Fig. 8. The page allocation algorithm of GASA.

## B. The Learning Scheme

The ghost buffer is used to identify potential hot pages, which is important due to the following two reasons. First, although the ghost buffer only contains metadata with low memory overhead, too many ghost pages can still result in smaller data cache which may decrease the performance of the buffer cache. Second, the GL list also has an impact on the trade-off between the hit ratio and the write count, which is explained as follows. Specifically, if the GL list is too short, it may fail to avoid frequent evictions of newly referenced clean pages. On the other hand, if the GL list is too large, previously evicted cold clean pages will have more chances to enter the MRU position of the ML list, which may evict more dirty pages and increase flash writes.

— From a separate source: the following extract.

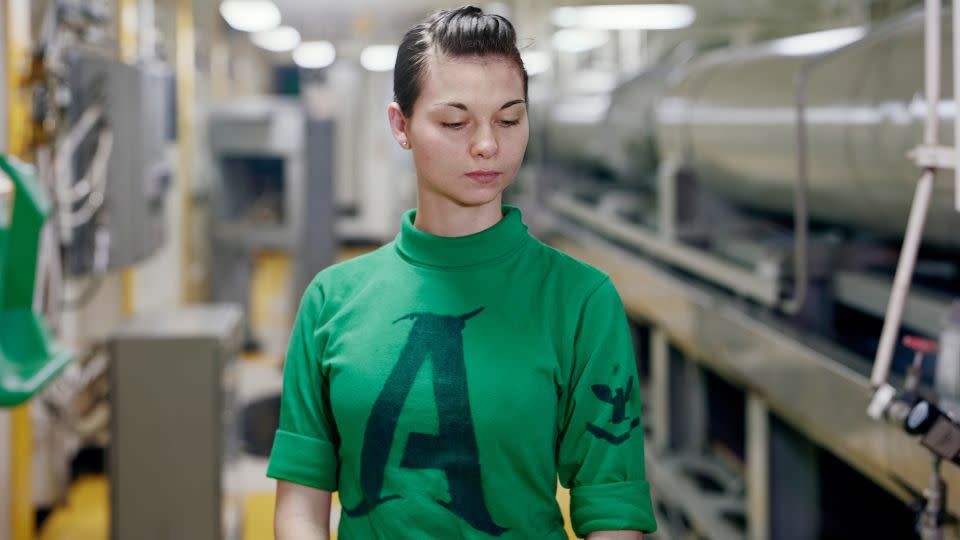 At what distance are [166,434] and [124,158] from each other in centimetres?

Based on the above analysis, GASA uses a simple learning scheme to manage the ghost buffer automatically. A bit flag called ghost-flag is introduced to allow GASA to decide to either shrink or enlarge the ghost buffer, which is presented as follows. Initially, the ghost-flag bit of each page in the buffer cache is not set. When a referenced page is found in the GL list, it is moved to the MRU position of the ML list and the page's ghost-flag is set. If the page is referenced again before it is evicted from the ML list, it indicates that the ghost buffer successfully identifies the hot pages. Consequently, the target size of the buffer cache will be increased in order to achieve higher hit ratios. When a page is chosen as the victim, its ghost-flag is also checked. If the ghost-flag is still set, it means the page has not been accessed ever since it was identified to be hot. Therefore, the ghost buffer should be reduced in this case. In this way, the ghost buffer is continually adjusted to different workloads and buffer sizes.

## C. The Proposed GASA

The pseudo-codes of GASA are shown in Figure 7 and 8. A hot-flag is attached with each page for distinguishing hot pages from cold pages in the buffer cache. When accessing a page, its hot-flag will be set to 1 whenever it is found in any of the three LRU lists (i.e., ML, CL and GL). The parameters GS, GSMIN, and GSMAX are used for the learning scheme. GS is a variable which indicates the target size of the GL list. GSMIN and GSMAX represent the lower and upper bound of GS, which are empirically set to 10% and 100% of the actual buffer size in terms of the total number of buffer pages in ML and CL, respectively, in this paper. When the ghost buffer should be enlarged, GS is increased by 1. On the contrary, when the ghost buffer should be decreased, GS is reduced by GSMAX/(GSMAX-GS+1), which is larger than 1. The larger the current size of the ghost buffer is, the quicker the shrinking of GS will be. The reason is that GASA keeps the GL list shorter to avoid increasing more flash writes, as mentioned in the previous subsection.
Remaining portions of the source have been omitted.